According to Nielsen Media Research, the episode was seen by an estimated 2.13 million household viewers and gained a 0.8/2 ratings share among adults aged 18–49. The episode received very positive reviews from critics, who praised the writing and the inclusion of all storylines towards the season finale.

==Plot==
Talking with Raylan (Timothy Olyphant) and Mullen (Nick Searcy), Arlo (Raymond J. Barry) confesses his association to Bo Crowder (M. C. Gainey) through skimming operations. Raylan and Mullen want Arlo to act as a "snitch" for them, which Arlo reluctantly agrees to do for an immunity deal. However, Arlo refuses to use a wire and lashes out at Raylan before leaving the office.

In Miami, Bo meets with Gio Reyes (Jordi Caballero), a drug kingpin. Reyes warns Bo to take care of Raylan, as he has been a problem for him since he killed Tommy Bucks. Bo later buys a warehouse for his henchmen. Ava (Joelle Carter) leaves Winona's (Natalie Zea) house and returns to her own. However, Bo has directed his henchmen to stay there, as it is still Bowman's house. Winona visits Raylan in his hotel room and they end up having sex. Afterwards, she leaves, not knowing that Ava is watching from afar. Ava later takes a shotgun and visits Bo at his club, threatening him to stop harassing her. Bo tells her to leave Kentucky but Ava refuses.

Bo expresses disgust at Boyd's newfound religion and growing members of his team. At the Veterans of Foreign Wars offices, a man named Lucky (Joshua Bitton) threatens to detonate a grenade in the building. Arlo is with him and talks to him to abandon his plan. Meeting with Raylan, Arlo tells him he will use the wire. He meets with Bo but unknown to the Marshals, warns Bo about the wire. They play along a charade and Bo instructs Arlo to meet him the next day. He also tells Arlo to tell Raylan about Ava's threat. Raylan confronts Ava in her house but she calls him out for sleeping with Winona and states she has no intention of leaving Kentucky.

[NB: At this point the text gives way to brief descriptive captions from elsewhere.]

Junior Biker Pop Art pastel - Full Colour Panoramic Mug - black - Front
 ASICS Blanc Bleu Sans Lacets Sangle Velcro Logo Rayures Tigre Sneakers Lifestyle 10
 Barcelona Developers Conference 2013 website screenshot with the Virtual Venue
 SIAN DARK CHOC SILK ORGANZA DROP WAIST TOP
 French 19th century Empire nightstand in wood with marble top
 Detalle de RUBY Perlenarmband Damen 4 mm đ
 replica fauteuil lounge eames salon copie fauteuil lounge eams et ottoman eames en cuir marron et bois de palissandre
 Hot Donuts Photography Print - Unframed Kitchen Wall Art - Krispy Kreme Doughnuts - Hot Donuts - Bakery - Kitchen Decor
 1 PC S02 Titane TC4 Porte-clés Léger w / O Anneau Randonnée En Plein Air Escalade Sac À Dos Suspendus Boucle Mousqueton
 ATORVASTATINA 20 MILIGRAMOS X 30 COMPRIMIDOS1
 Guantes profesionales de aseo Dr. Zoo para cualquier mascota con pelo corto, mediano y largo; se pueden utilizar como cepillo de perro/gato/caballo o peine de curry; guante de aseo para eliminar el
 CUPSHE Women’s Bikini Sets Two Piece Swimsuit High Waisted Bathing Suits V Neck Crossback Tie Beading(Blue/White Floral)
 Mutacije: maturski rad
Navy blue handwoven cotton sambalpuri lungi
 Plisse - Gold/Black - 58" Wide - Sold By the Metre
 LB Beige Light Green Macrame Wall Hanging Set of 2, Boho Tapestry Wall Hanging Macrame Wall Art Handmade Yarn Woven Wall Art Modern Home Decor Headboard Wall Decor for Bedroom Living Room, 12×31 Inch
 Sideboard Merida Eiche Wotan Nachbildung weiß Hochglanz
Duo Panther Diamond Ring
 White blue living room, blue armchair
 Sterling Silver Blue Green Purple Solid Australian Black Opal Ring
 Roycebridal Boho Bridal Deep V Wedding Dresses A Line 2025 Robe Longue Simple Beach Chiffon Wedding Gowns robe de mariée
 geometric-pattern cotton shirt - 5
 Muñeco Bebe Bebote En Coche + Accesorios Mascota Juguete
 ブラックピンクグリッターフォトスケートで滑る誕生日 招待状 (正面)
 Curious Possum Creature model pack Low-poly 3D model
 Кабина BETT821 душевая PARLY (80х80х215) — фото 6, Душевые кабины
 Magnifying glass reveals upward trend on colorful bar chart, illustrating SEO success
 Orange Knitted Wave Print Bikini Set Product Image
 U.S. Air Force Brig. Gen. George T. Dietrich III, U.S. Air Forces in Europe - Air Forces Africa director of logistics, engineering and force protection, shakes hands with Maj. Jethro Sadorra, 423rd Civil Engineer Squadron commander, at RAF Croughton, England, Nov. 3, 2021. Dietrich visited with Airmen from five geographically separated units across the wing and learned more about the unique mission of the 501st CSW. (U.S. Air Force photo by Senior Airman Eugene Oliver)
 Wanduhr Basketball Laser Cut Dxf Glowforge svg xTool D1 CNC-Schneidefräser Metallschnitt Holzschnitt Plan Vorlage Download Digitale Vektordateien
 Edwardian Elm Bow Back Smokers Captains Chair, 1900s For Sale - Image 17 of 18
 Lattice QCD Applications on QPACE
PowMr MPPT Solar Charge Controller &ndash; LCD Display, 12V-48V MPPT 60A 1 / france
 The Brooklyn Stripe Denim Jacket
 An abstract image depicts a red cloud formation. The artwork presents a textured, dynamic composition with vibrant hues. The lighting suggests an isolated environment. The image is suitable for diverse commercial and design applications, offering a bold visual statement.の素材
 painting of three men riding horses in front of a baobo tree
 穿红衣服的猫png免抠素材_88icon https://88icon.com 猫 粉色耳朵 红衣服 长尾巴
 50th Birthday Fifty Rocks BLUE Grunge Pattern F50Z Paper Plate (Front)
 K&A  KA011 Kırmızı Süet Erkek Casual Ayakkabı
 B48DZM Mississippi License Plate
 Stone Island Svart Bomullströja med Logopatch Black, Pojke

Later that night, a truck carrying Bo's drug supplies is intercepted in the street by Boyd and his henchmen, with Boyd using a rocket-propelled grenade to destroy the truck.

==Reception==
===Viewers===
In its original American broadcast, "Fathers and Sons" was seen by an estimated 2.13 million household viewers and gained a 0.8/2 ratings share among adults aged 18–49, according to Nielsen Media Research. This means that 0.8 percent of all households with televisions watched the episode, while 2 percent of all households watching television at that time watched it. This was a 17% increase in viewership from the previous episode, which was watched by 1.81 million viewers with a 0.7/2 in the 18-49 demographics.

===Critical reviews===
"Fathers and Sons" received very positive reviews from critics. Seth Amitin of IGN gave the episode a "great" 8.6 out of 10 rating and wrote, "The connection between Bo and Boyd and Raylan and Arlo was brought up a second time and we got it, it's just not as interesting as the story itself. I think maybe the creative team oversells the show's subtleties, though maybe this one was just a simple miscommunication. The show survives without harping too much on this and the season's main story arc is finally coming to a wrap next episode. Let's hope Justified can deliver a great finale."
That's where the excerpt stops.